Although S3 doesn’t have support for .htaccess, it provides a few tools for redirection and index documents that one might normally use .htaccess for.

The Issue

With .htaccess you can specify multiple directory indices and httpd will try them one at a time, in order, until a suitable document is found. For example:

DirectoryIndex index.html index.xml index.php index.htm

If you request a directory, say, /rss/ then httpd will first try to find and return index.html. If it doesn’t exist, then httpd will try to find and return index.xml, and so on.

Index Document Support

Although S3 supports index documents, it supports only one index document per bucket. Because www.balthisar.com used “cool URLs” for RSS feeds — which are .xml documents — as well as all other site links, there is no way to specify both index.html and .index.xml from different directories in S3 (and remember, S3 directories aren’t really directories).

Out of the three redirection options above, then, Index Document Support wouldn’t be an immediate solution to the problem.

Redirection Rules

S3 supports bucket-level redirection rules. For example:

<RoutingRules>
  <RoutingRule>
    <Condition>
    <KeyPrefixEquals>blog/rss</KeyPrefixEquals>
    <HttpErrorCodeReturnedEquals>404</HttpErrorCodeReturnedEquals>
    </Condition>
    <Redirect>
    <HostName>www.balthisar.com</HostName>
    <ReplaceKeyWith>blog/rss/index.xml</ReplaceKeyWith>
    <HttpRedirectCode>302</HttpRedirectCode>
    </Redirect>
  </RoutingRule>
</RoutingRules>

However these don’t work with wildcards, and all of the matches are somewhat greedy meaning that I could build a long version of this .xml file — one for every blog RSS feed — but then it becomes a future management problem if I ever add blog keywords or tags. Currently www.balthisar.com has 24 separate blog feeds, and although only five are promoted on the website, they all do really exist.

Because of my laziness and potential to forget about managing these redirects, Redirection Rules aren’t a suitable solution for my problem. However the code above is used as a fallback for users. If someone tries to dig into /blog/rss, they will receive the whole site RSS feed, and so this Redirection Rules feature is still useful.

Web Page Redirect

S3 allows web publishers to upload a dummy document and then set a Website Redirect Location to another URL. However like specifying Redirection Rules, there's a lot of manual work to do and maintain this. As long as S3 wants me to upload a dummy file, then I might as well implement the solution I finally implemented.

Final Solution

Because I use Middleman to generate the website it was trivial to add an index.html file to be generated alongside each index.xml during the RSS building phase. If a user visits /blog/rss then Index Document Support will serve up /blog/rss/index.html, which contains a standard HTML meta redirect to /blog/rss/index.xml. Now users’ RSS readers won’t be broken.

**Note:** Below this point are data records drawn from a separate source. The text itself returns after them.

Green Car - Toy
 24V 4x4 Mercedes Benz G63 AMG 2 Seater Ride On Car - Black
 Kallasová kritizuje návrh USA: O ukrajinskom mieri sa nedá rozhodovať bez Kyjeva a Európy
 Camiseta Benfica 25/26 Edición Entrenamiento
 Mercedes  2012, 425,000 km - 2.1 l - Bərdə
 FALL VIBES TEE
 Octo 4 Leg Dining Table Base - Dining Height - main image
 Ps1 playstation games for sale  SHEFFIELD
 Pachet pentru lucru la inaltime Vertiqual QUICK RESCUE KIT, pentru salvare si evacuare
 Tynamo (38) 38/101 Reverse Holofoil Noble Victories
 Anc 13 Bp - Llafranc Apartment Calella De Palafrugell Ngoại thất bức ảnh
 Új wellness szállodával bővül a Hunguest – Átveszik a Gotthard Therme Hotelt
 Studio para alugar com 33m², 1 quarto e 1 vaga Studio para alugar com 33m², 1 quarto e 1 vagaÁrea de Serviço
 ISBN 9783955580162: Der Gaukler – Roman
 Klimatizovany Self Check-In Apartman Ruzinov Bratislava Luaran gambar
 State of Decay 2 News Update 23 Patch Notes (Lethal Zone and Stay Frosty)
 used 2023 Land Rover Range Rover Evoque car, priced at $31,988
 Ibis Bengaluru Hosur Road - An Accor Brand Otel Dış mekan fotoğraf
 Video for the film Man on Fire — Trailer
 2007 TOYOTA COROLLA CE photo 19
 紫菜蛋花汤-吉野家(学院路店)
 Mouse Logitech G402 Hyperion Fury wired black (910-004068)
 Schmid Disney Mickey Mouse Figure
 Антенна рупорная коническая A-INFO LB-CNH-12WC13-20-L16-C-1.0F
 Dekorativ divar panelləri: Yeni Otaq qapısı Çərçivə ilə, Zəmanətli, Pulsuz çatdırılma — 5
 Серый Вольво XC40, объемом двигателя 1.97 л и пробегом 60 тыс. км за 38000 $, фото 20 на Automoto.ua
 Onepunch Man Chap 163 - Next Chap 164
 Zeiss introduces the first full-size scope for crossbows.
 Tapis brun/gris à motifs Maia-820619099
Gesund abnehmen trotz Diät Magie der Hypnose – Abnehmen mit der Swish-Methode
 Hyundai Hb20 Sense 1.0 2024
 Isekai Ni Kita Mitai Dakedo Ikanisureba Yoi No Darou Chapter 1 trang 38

Although I haven’t done so, now would be a good time to setup Web Page Redirects using metadata. Because the index.html files are already in place and not likely to be changed, some of the management concerns mentioned above are alleviated. The index.html will perform a meta redirect as a fallback (e.g., should I forget to add the metadata), and files that have metadata will simply be 301 redirected without having to load the file into the browser first. I think this solution is win-win.